→ **EXERCISE DESCRIPTION**:
Could you retype only the lines from the one containing "White Devils fire" through the final line of the entries, both included, skipping any images?

+===+

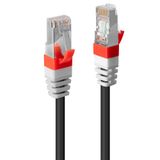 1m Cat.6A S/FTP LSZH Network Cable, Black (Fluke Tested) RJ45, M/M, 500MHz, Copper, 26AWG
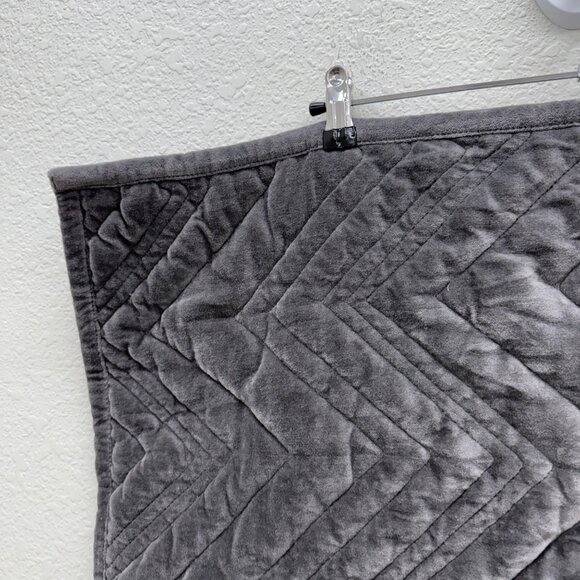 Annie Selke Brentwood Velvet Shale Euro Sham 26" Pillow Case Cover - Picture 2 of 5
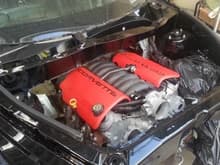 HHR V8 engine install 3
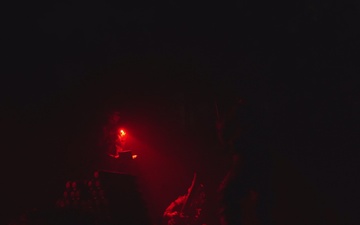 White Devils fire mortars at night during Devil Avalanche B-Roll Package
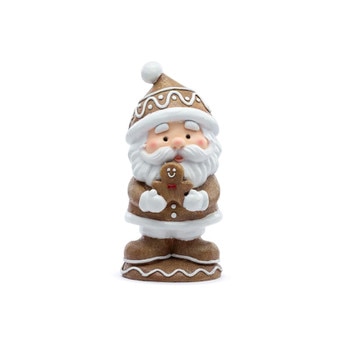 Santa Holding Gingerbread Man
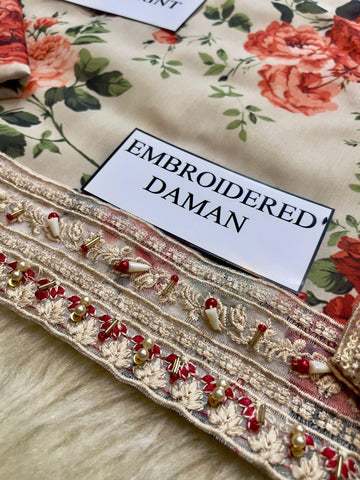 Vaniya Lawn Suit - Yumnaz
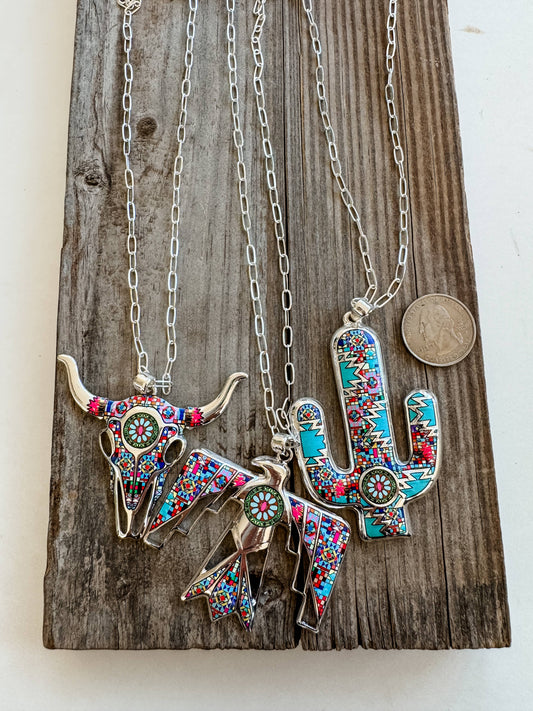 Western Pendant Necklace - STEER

+===+

→ **ANSWER FOR THIS EXERCISE**:
 White Devils fire mortars at night during Devil Avalanche B-Roll Package
 Santa Holding Gingerbread Man
 Vaniya Lawn Suit - Yumnaz
 Western Pendant Necklace - STEER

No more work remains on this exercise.